In March 2017, a group of third year students on Newcastle University’s third year Music Enterprise module delivered a Musical Creepy Crawlies event at Seven Stories: The National Centre for Children’s Books. Here’s the full story…
With rhythm and rhyme being a key feature of picturebooks, there’s an interesting synergy between children’s books and music. So it seemed only natural to me to explore collaborations between Seven Stories and Music at Newcastle University. Meeting with Jane Nolan, Teaching Fellow in Enterprise in the School of Arts and Cultures, her Music Enterprise third year module sounded like a perfect way to start working with Music.
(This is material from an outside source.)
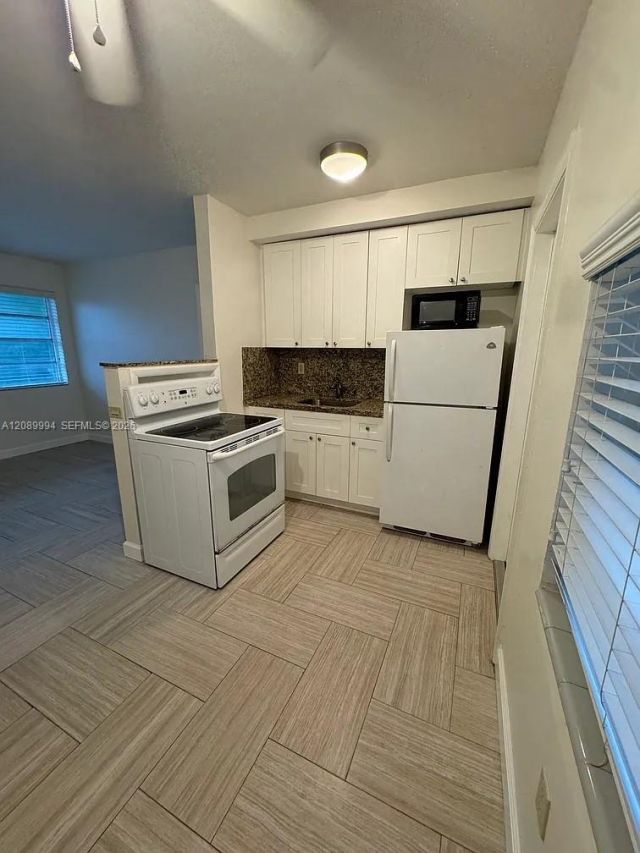 11890 NE 16th Ave, Unit 4, Miami, FL 33161 Photo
Jane says: ‘In music and the creative industries, students need to prepare for self-managed, freelance and portfolio careers as well as for employment, and the Music Enterprise module helps students do this through the challenging and authentic experience of creating, organising and delivering a musical event, working in small teams.’
After discussing the opportunity with Seven Stories’ Programming team, I delivered a short presentation to the Music Enterprise cohort back in October to tell them a bit more about Seven Stories, the sort of event we would be interested in, and the spaces available. And I was really pleased when a group approached me a couple of weeks later!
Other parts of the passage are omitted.